Prompt
Print every line of the material exactly.

*** Provided material ***

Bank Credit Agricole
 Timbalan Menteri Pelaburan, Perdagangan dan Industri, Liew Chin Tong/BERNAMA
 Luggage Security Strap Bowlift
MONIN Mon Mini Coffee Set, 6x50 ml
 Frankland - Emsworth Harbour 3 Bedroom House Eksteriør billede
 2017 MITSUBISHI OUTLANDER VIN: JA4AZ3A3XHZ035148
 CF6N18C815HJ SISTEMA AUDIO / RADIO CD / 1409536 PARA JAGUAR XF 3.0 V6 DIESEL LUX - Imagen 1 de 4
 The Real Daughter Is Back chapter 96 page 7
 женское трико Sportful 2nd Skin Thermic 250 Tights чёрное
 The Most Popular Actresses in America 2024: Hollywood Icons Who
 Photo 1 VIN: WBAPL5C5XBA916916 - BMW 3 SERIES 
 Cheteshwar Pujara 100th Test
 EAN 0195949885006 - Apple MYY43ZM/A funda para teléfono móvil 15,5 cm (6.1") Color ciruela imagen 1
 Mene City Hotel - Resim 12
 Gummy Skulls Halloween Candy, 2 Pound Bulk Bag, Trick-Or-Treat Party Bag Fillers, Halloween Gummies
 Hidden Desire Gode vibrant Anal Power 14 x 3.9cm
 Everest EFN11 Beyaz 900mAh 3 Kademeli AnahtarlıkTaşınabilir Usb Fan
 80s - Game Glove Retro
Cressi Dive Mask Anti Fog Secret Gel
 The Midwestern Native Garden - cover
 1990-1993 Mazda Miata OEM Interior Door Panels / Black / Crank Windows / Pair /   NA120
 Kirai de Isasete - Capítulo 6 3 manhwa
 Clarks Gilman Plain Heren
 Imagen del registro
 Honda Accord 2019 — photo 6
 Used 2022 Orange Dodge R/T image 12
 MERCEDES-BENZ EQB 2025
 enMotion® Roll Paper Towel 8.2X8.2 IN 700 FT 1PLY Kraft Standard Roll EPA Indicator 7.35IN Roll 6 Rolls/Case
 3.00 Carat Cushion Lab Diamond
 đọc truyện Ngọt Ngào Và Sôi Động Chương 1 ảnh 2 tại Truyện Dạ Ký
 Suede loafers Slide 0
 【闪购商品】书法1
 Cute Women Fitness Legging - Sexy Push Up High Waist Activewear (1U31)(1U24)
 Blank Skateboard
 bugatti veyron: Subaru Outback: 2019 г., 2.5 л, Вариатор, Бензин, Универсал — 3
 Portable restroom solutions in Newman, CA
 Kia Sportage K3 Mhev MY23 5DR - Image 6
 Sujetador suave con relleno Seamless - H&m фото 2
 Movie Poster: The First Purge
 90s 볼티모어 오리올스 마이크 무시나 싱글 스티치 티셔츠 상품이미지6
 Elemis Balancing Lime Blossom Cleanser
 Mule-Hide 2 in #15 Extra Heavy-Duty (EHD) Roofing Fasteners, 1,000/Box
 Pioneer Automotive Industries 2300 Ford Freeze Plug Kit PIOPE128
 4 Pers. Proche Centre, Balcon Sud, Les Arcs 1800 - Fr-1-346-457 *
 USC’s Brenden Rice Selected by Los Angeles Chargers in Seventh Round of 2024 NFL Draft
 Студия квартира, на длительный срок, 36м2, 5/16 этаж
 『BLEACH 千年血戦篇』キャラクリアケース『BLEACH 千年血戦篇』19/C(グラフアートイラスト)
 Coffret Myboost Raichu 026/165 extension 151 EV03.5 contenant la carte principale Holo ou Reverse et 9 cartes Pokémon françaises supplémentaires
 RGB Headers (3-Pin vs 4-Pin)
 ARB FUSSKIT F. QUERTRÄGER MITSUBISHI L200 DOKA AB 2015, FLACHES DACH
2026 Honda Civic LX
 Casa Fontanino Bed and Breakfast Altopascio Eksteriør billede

*** End of Provided material ***

Expected output
Bank Credit Agricole
 Timbalan Menteri Pelaburan, Perdagangan dan Industri, Liew Chin Tong/BERNAMA
 Luggage Security Strap Bowlift
MONIN Mon Mini Coffee Set, 6x50 ml
 Frankland - Emsworth Harbour 3 Bedroom House Eksteriør billede
 2017 MITSUBISHI OUTLANDER VIN: JA4AZ3A3XHZ035148
 CF6N18C815HJ SISTEMA AUDIO / RADIO CD / 1409536 PARA JAGUAR XF 3.0 V6 DIESEL LUX - Imagen 1 de 4
 The Real Daughter Is Back chapter 96 page 7
 женское трико Sportful 2nd Skin Thermic 250 Tights чёрное
 The Most Popular Actresses in America 2024: Hollywood Icons Who
 Photo 1 VIN: WBAPL5C5XBA916916 - BMW 3 SERIES 
 Cheteshwar Pujara 100th Test
 EAN 0195949885006 - Apple MYY43ZM/A funda para teléfono móvil 15,5 cm (6.1") Color ciruela imagen 1
 Mene City Hotel - Resim 12
 Gummy Skulls Halloween Candy, 2 Pound Bulk Bag, Trick-Or-Treat Party Bag Fillers, Halloween Gummies
 Hidden Desire Gode vibrant Anal Power 14 x 3.9cm
 Everest EFN11 Beyaz 900mAh 3 Kademeli AnahtarlıkTaşınabilir Usb Fan
 80s - Game Glove Retro
Cressi Dive Mask Anti Fog Secret Gel
 The Midwestern Native Garden - cover
 1990-1993 Mazda Miata OEM Interior Door Panels / Black / Crank Windows / Pair /   NA120
 Kirai de Isasete - Capítulo 6 3 manhwa
 Clarks Gilman Plain Heren
 Imagen del registro
 Honda Accord 2019 — photo 6
 Used 2022 Orange Dodge R/T image 12
 MERCEDES-BENZ EQB 2025
 enMotion® Roll Paper Towel 8.2X8.2 IN 700 FT 1PLY Kraft Standard Roll EPA Indicator 7.35IN Roll 6 Rolls/Case
 3.00 Carat Cushion Lab Diamond
 đọc truyện Ngọt Ngào Và Sôi Động Chương 1 ảnh 2 tại Truyện Dạ Ký
 Suede loafers Slide 0
 【闪购商品】书法1
 Cute Women Fitness Legging - Sexy Push Up High Waist Activewear (1U31)(1U24)
 Blank Skateboard
 bugatti veyron: Subaru Outback: 2019 г., 2.5 л, Вариатор, Бензин, Универсал — 3
 Portable restroom solutions in Newman, CA
 Kia Sportage K3 Mhev MY23 5DR - Image 6
 Sujetador suave con relleno Seamless - H&m фото 2
 Movie Poster: The First Purge
 90s 볼티모어 오리올스 마이크 무시나 싱글 스티치 티셔츠 상품이미지6
 Elemis Balancing Lime Blossom Cleanser
 Mule-Hide 2 in #15 Extra Heavy-Duty (EHD) Roofing Fasteners, 1,000/Box
 Pioneer Automotive Industries 2300 Ford Freeze Plug Kit PIOPE128
 4 Pers. Proche Centre, Balcon Sud, Les Arcs 1800 - Fr-1-346-457 *
 USC’s Brenden Rice Selected by Los Angeles Chargers in Seventh Round of 2024 NFL Draft
 Студия квартира, на длительный срок, 36м2, 5/16 этаж
 『BLEACH 千年血戦篇』キャラクリアケース『BLEACH 千年血戦篇』19/C(グラフアートイラスト)
 Coffret Myboost Raichu 026/165 extension 151 EV03.5 contenant la carte principale Holo ou Reverse et 9 cartes Pokémon françaises supplémentaires
 RGB Headers (3-Pin vs 4-Pin)
 ARB FUSSKIT F. QUERTRÄGER MITSUBISHI L200 DOKA AB 2015, FLACHES DACH
2026 Honda Civic LX
 Casa Fontanino Bed and Breakfast Altopascio Eksteriør billede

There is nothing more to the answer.